Венеция. История от основания города до падения республики — страница 115 из 157

Однако Мустафа не притворялся. 22 июля прибыли его подкрепления, и он вечером двинулся на Никосию, а два дня спустя его огромная армия встала лагерем у стен города. И вновь шанс был упущен: итальянский командующий пехотой умолял разрешить ему немедленную атаку, пока враг утомлен переходом 30 миль в разгар кипрского лета, а его артиллерия и тяжелые кавалерийские части еще не готовы. Дандоло и ректоры снова отказались рисковать, и турки получили возможность без помех окопаться.

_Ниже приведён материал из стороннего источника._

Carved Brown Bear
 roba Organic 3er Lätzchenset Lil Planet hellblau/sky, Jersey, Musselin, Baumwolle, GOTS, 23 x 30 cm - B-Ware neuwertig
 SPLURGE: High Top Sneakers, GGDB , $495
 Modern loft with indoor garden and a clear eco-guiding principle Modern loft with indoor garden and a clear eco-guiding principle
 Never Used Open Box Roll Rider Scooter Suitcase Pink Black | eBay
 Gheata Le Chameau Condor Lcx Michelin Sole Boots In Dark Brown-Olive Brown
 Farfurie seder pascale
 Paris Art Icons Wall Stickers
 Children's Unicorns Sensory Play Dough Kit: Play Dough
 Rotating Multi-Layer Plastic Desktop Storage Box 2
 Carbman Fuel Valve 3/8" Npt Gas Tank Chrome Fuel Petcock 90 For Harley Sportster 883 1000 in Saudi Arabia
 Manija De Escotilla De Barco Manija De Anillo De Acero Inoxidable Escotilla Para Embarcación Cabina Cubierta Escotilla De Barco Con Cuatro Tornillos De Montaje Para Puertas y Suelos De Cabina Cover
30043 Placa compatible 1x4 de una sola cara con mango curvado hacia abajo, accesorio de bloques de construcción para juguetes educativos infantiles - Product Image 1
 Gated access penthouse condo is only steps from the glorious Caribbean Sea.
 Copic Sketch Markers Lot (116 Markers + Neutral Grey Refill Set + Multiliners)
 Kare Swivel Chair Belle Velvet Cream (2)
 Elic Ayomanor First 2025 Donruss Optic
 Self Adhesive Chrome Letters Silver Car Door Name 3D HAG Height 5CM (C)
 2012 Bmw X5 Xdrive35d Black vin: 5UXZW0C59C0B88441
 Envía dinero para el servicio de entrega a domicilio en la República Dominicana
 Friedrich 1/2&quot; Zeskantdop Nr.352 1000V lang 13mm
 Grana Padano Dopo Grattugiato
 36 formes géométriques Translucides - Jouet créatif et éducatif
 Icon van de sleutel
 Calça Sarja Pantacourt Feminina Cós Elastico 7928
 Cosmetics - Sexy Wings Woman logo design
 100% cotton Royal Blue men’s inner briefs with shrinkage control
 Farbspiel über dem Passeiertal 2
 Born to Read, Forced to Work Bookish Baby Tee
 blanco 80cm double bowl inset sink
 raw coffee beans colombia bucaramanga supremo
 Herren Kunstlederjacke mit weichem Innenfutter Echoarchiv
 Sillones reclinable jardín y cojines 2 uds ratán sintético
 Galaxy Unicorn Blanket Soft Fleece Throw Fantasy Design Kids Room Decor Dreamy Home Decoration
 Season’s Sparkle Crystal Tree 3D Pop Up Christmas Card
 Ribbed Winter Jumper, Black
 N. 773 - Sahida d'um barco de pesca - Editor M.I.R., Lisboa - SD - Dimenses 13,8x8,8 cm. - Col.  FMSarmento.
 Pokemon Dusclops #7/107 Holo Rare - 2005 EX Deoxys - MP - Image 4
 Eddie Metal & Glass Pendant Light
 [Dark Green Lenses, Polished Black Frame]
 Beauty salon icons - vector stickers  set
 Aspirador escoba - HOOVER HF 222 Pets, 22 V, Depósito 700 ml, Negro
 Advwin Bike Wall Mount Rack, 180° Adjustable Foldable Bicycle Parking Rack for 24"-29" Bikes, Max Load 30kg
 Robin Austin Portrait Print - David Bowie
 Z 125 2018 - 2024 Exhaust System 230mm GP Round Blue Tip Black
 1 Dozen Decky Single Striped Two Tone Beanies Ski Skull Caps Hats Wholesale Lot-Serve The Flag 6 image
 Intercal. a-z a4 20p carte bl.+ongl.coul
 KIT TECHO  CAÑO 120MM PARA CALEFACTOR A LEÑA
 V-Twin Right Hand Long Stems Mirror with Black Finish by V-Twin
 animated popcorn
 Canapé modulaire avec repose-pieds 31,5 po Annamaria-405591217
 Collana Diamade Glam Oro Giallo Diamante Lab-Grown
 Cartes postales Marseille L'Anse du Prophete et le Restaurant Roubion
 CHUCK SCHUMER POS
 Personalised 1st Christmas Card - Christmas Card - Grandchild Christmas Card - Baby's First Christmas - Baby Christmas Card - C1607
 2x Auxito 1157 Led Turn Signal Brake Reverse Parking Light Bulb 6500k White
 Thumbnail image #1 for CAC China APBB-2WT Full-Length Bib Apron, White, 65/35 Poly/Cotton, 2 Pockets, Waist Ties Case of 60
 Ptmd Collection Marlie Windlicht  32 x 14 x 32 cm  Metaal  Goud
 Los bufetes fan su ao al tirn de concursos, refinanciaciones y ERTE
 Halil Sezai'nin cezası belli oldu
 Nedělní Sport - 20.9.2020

Началась осада. Возможно, турецкая армия и не была такой многочисленной, как утверждал ее командующий, однако она, должно быть, насчитывала добрых 100 000 человек; ее пушки и легкая артиллерия были внушительными и, в отличие от расположенных вдоль стен жалких одиночных орудий защитников, применялись со смертельной точностью и умением. Тем временем Дандоло, опасаясь нехватки пороха, сократил его использование до такой степени, что даже тем солдатам, у которых было оружие и которые знали, как им пользоваться, запрещалось стрелять в группу турок, если в ней было менее десяти человек. Однако, каким бы малодушным ни был лейтенант, его окружали люди, которым хватало храбрости. Каким-то образом город продержался до конца знойного августа, и лишь 9 сентября, когда люди Мустафы с шумом и ликованием приветствовали прибывшее с материка свежее войско из 20 000 человек, защитники наконец уступили пятнадцатой по счету масштабной атаке. Никосия пала через 45 дней. Но даже когда торжествующие турки наводнили город, сопротивление продолжалось; финальная схватка произошла на главной площади, перед дворцом наместника. Дандоло, укрывшийся там несколькими часами ранее, пока его люди продолжали сражаться на бастионах, теперь появился в алых бархатных одеждах, надеясь на привилегированное обращение, соответствующее его рангу. Едва он спустился по лестнице, как турецкий офицер снес ему голову с плеч.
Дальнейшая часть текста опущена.